“Pacing is a tool that controls the speed and rhythm at which a story is told and the readers are pulled through the story events.” —Jessica Page Morrell
We’d wince at these comments in reviews:
- Too much description and explaining bogged down the story.
- Everything happened too fast. Left me wanting to know more.
Jessica Page Morrell, in her September 2014 Writer’s Digest article, “Pacing Your Story,” discusses devices to produce faster- and slower-paced writing.
I’ll concentrate on keeping up the pace.
Why do we want to speed up the story?
Morrell says a story needs a fast pace throughout the book, but particularly in first chapters and in chapter and scene openings. She says:
“A quick pace is comfortable—never rushed, careless or contrived. You want the reader to be on edge and involved, not exasperated because things are happening so fast he can’t quite take it all in.”
Devices for accelerating the pace.
This list and quotes are from Morell’s Writer’s Digest article “Pacing Your Story.”
Increase the Speed |
1 Action Scenes, “few distractions, little description, and limited transitions” |
2 Change, “plot dashes off in a new, unexpected direction” |
3 Cliffhangers, “reader will turn the page to find out what happens next” |
4 Dialogue, “rapid-fire,” “reactions, descriptions and attributions are minimal” |
5 In Medias Res, “start some scenes in the middle of events” |
6 Prolonged Outcomes, “the reader wants to know [outcome]” |
7 Short Chapters and Scenes |
8 Summary, no “play-by-play,” “summarize whole eras, … and backstory” |
9 Word Choice, “crisp, punchy verbs,” verbs with “harsh consonant sounds” |
10 Sentence Structure, short paragraphs; break up long paragraphs |
Let’s examine a scene – the device number is noted where the pace moves along. (Partial scene from Calculated Risk)
Cisney held her cell away from her mouth, so Daddy wouldn’t get an earful of her heavy breathing after she ran up two flights of stairs. [5]
He spoke loudly as if he thought he had to yell all the way from Germany. [10]
Her breathing and heartbeat refused to quiet, and it had nothing to do with physical activity. She’d have to tell Daddy the truth—tonight. [10]
“We spoke so briefly on the phone before,” Daddy said, “I didn’t get a chance to ask you about your Thanksgiving.”
“It must be about four in the morning there,” she said.
“I couldn’t sleep. How’s my man, Jason?” [4]
“I’m not at Jason’s.” And neither was Jason. The rat. [4, her reaction is short]
“What? Where are you?” [4]
“A friend from work invited me home for the holiday.” [4]
“But why didn’t you go to Jason’s? Is he there with you?” [4]
She hated ruining Daddy’s vacation. “Because…because he broke up with me.” She cringed [9] waiting for the blast.
“Oh, Cis…” He sounded sympathetic.

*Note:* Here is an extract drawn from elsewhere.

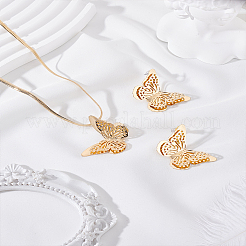 女性用合金中空蝶スタッドピアス＆ペンダントネックレスセット  ゴールドカラー  25.5x33.5mm&nbsp;SJEW-LP0001-41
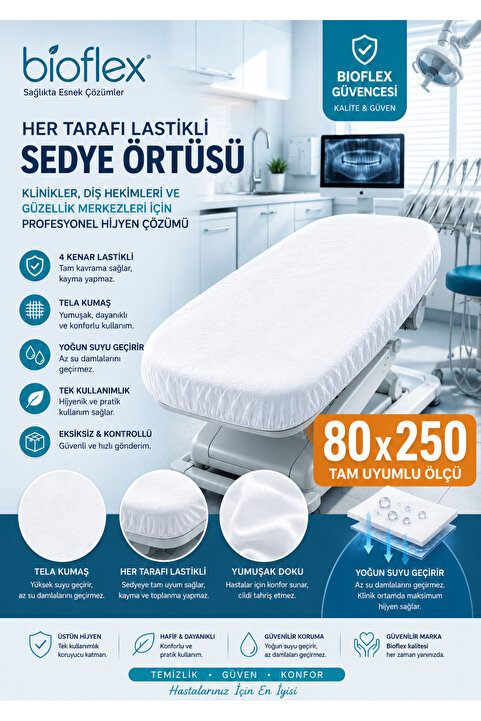 Bioflex 100 Adet 80 *240 Yeni Nesil Her Tarafı Lastikli Sedye Örtüsü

Maybe Daddy could understand that a man like Jason did pretty much what he wanted, and he wanted to date the beautiful blonde doormat. “What did you do, honey?”
“I cried, mostly. I’m sorry, Daddy, I know how you feel about crying, but—”
His volume ratcheted up a notch. “No, I mean, what did you do that made him leave?” [2]
10 Devices to keep your story moving. Click to tweet.
Which device will most improve your story’s pace?
Interesting Zoe!
Thanks for sharing.
Good luck and God’s blessings.
PamT
You’re welcome, Pam. Thanks for stopping by.
Might you stick in an 8 after “Because…because he broke up with me.” since Cisney didn’t give him a blow by blow? Helpful information.
Yes, Marcia number 8 would work well with Cisney’s reply. Thanks for pointing that our.
I think it’s good to mix them up. Of course, sometimes you can break the rules when something else works, but we have to be certain, and get critiques/feedback from others to see if it really works.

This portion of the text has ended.